**SUPPLIED INFORMATION**

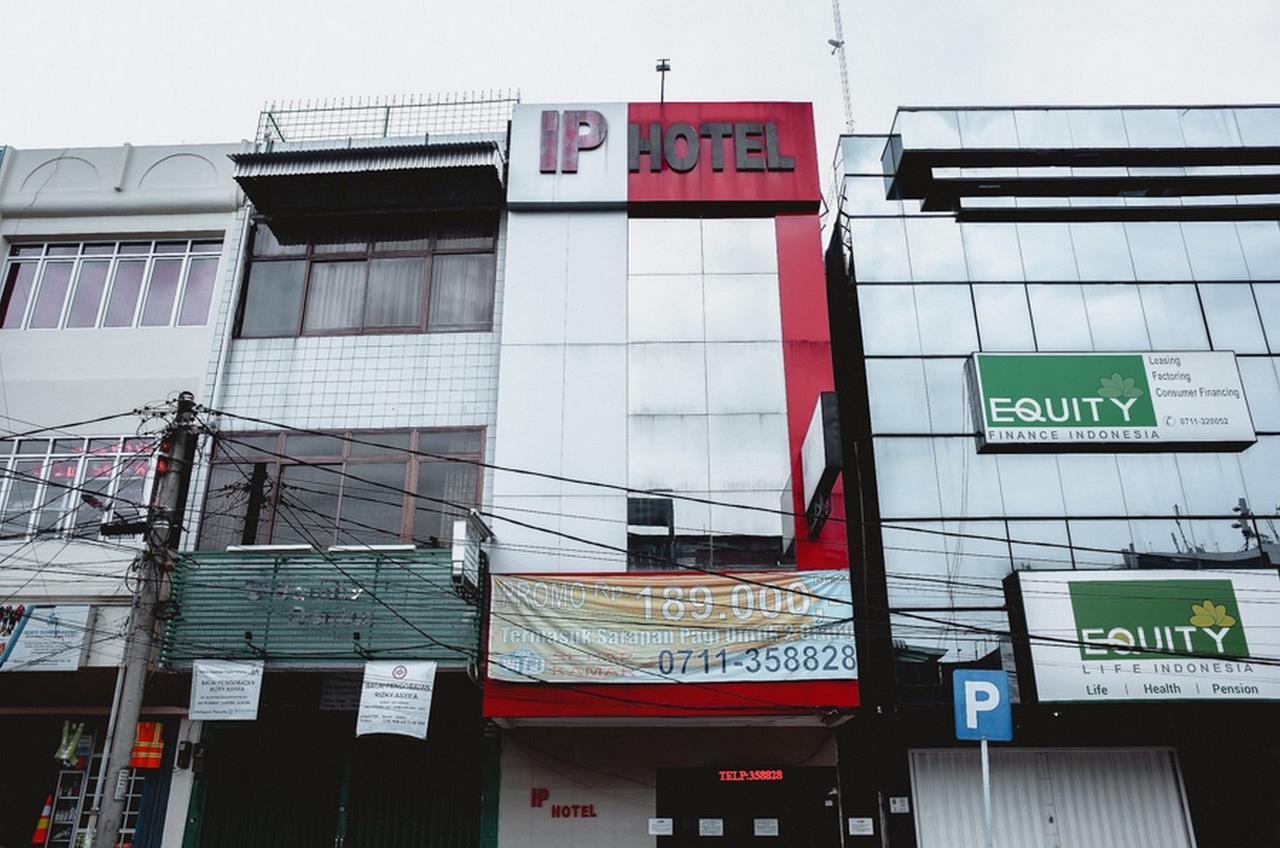 Reddoorz Plus Near Palembang Indah Mall Екстер'єр фото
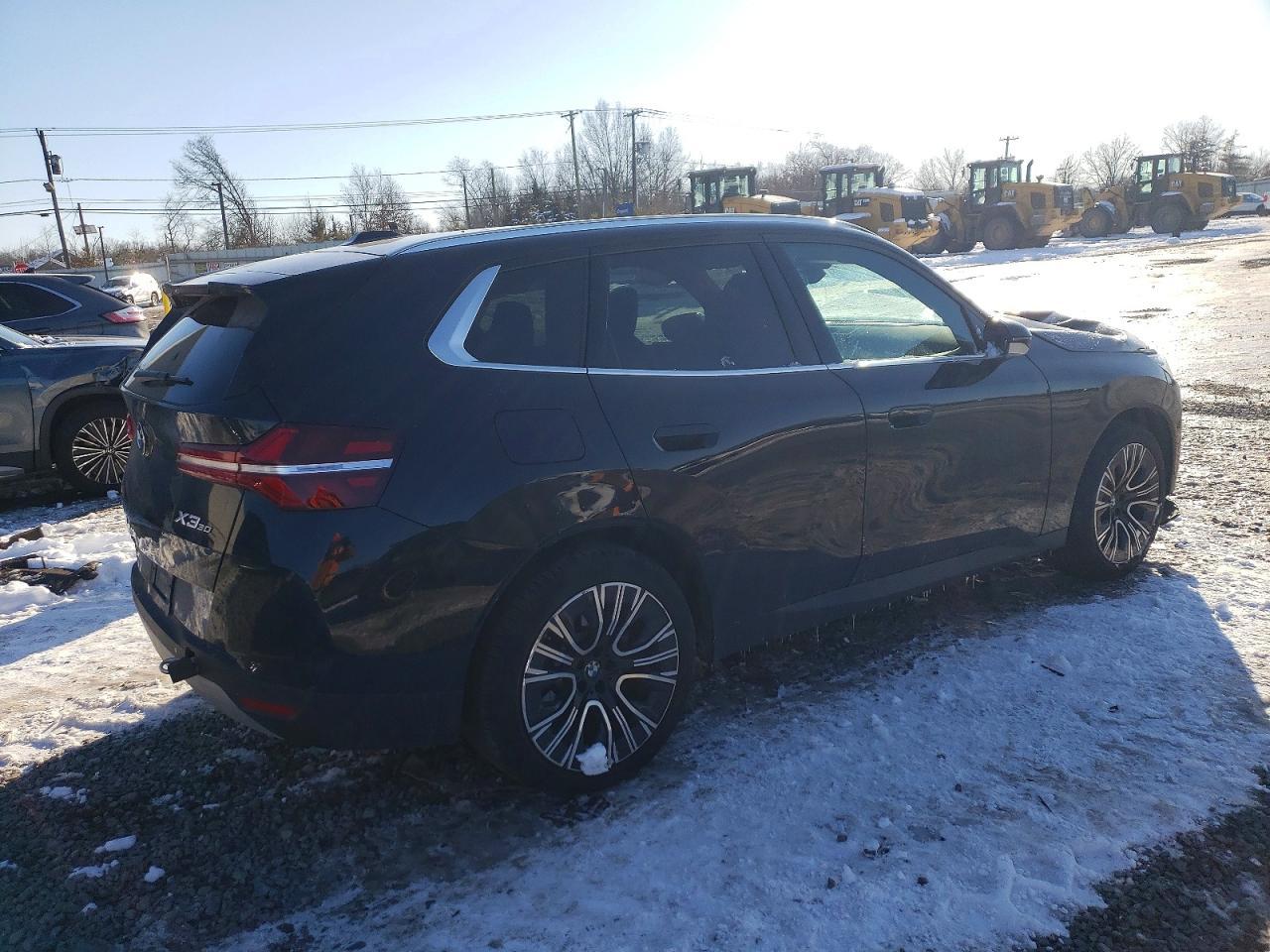 2025 BMW X3 30 xDrive - Image 3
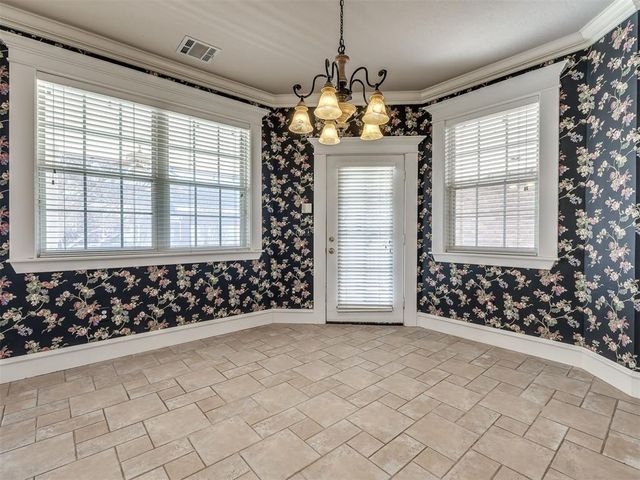 105 S Olde Bridge Road, Moore, OK 73170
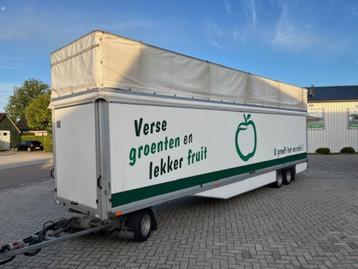 Bijzondere VREDEVELD aanhangwagen met MEGA luifel beschikbaar voor biedingen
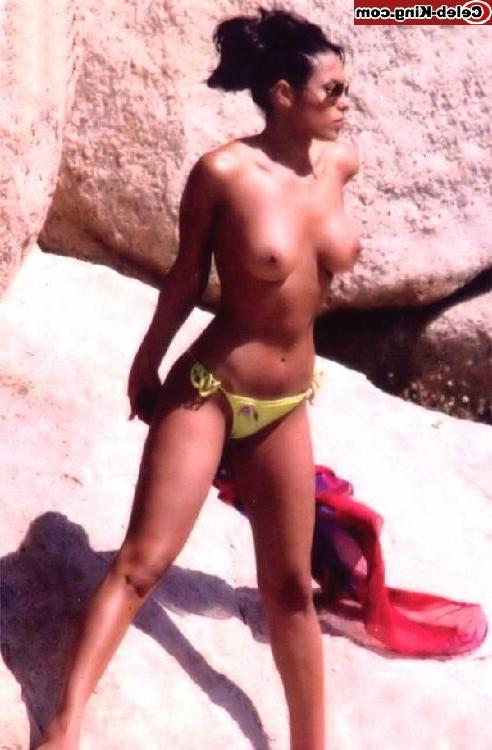 16P Hot celebrity Carolina Marconi showing off with her sexy boobs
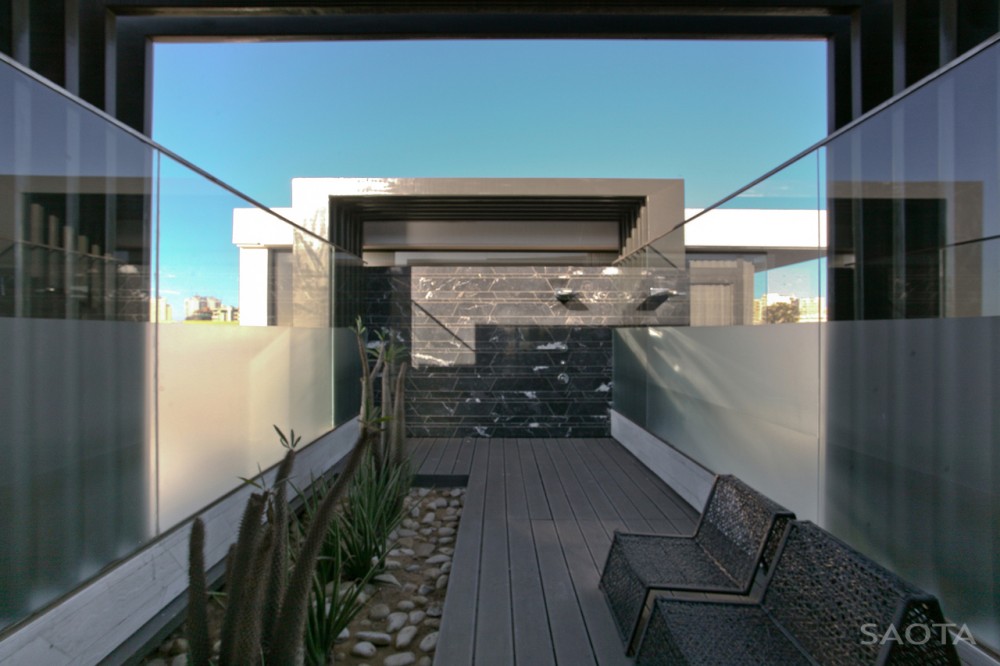 Dakar Sow House / SAOTA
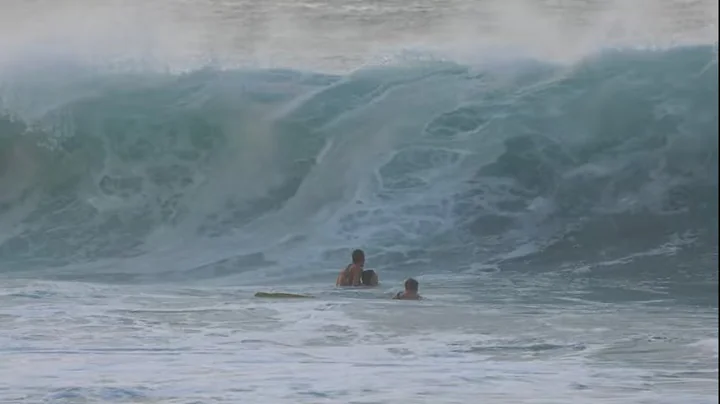 SURFER GETS RESCUED AFTER LOSING SHORTS, HECTIC SWIM TO SHORE AFTER BREAKING BOARD!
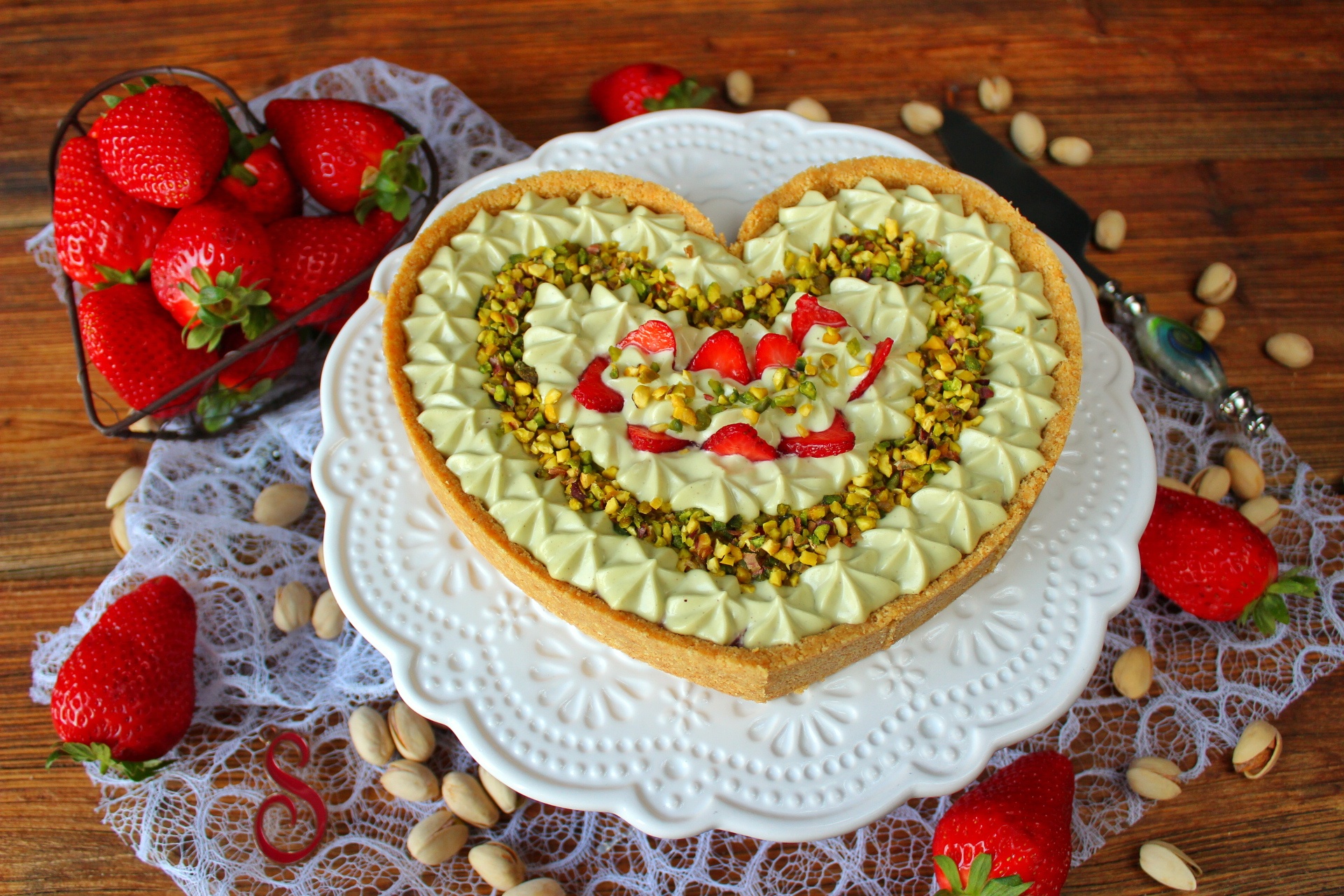 crostata pistacchio e fragole senza cottura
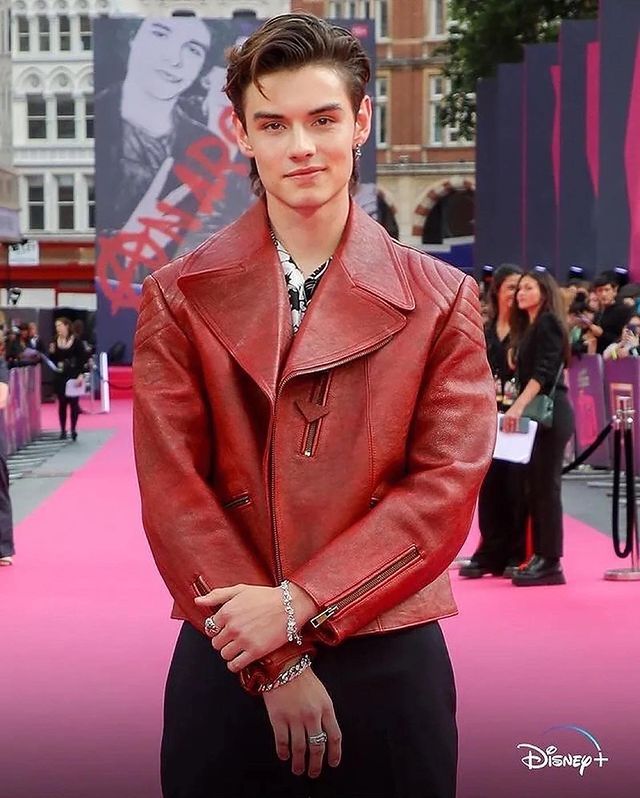 ฮอตไม่ไหว!! 'หลุยส์ พาร์ทริดจ์' พระเอก Enola Holmes ลัดฟ้าเที่ยวทะเลไทย ฮอตไม่ไหว!! 'หลุยส์ พาร์ทริดจ์' พระเอก Enola Holmes ลัดฟ้าเที่ยวทะเลไทย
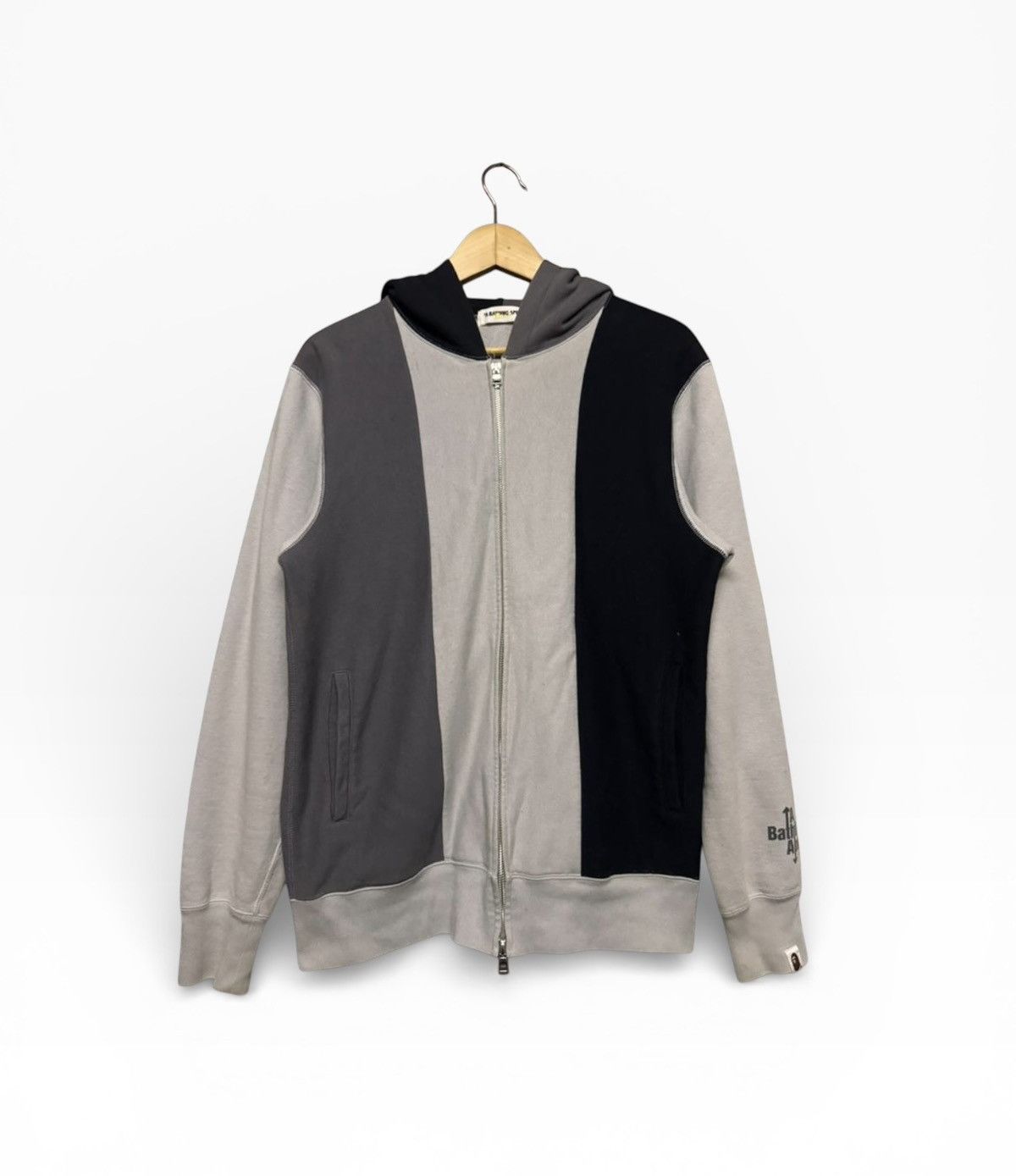 Bape A Bathing Ape Nigo Era Hoodies Zipper Made In Japan Size L Size US L / EU 52-54 / 3 - 1 Thumbnail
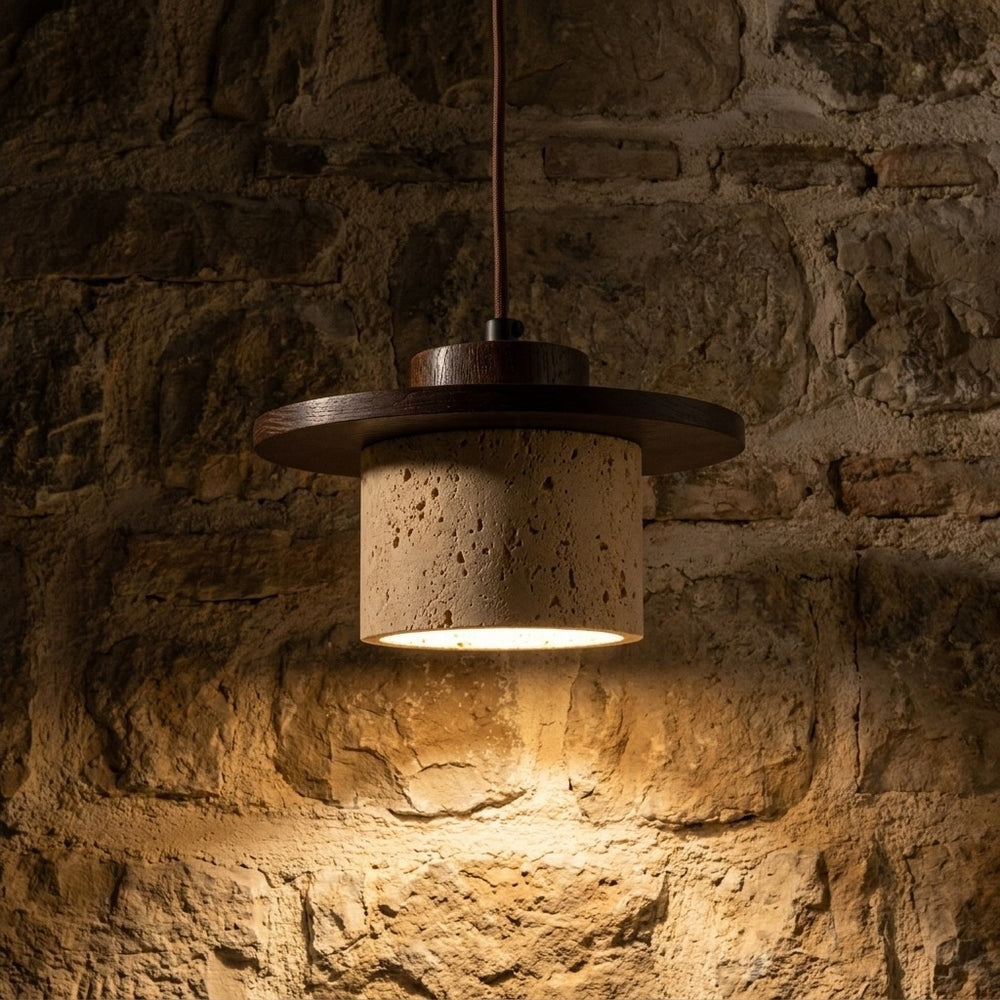 Suspension salon travertin et bois, salle à manger, Ø 20 cm - disque bois 06 mur de vieille pierre la nuit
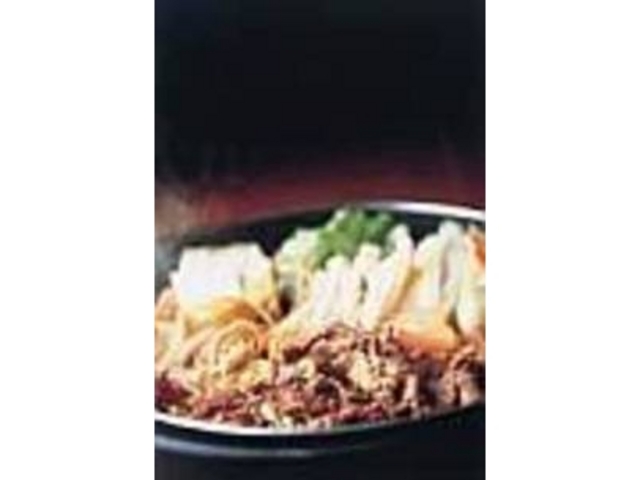 信州馬の肩ロースが入った『桜鍋』_越後屋料理店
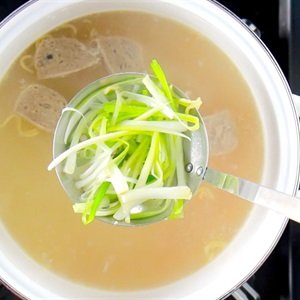 Mì trộn muối ớt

**WHAT THE TASK ASKS**
Set down exactly the lines running from the beginning of the entries above to the line that contains "Bijzondere VREDEVELD aanhangwagen", including both, and leave out pictures.

**SOLUTION TO THE PROBLEM**
 Reddoorz Plus Near Palembang Indah Mall Екстер'єр фото
 2025 BMW X3 30 xDrive - Image 3
 105 S Olde Bridge Road, Moore, OK 73170
 Bijzondere VREDEVELD aanhangwagen met MEGA luifel beschikbaar voor biedingen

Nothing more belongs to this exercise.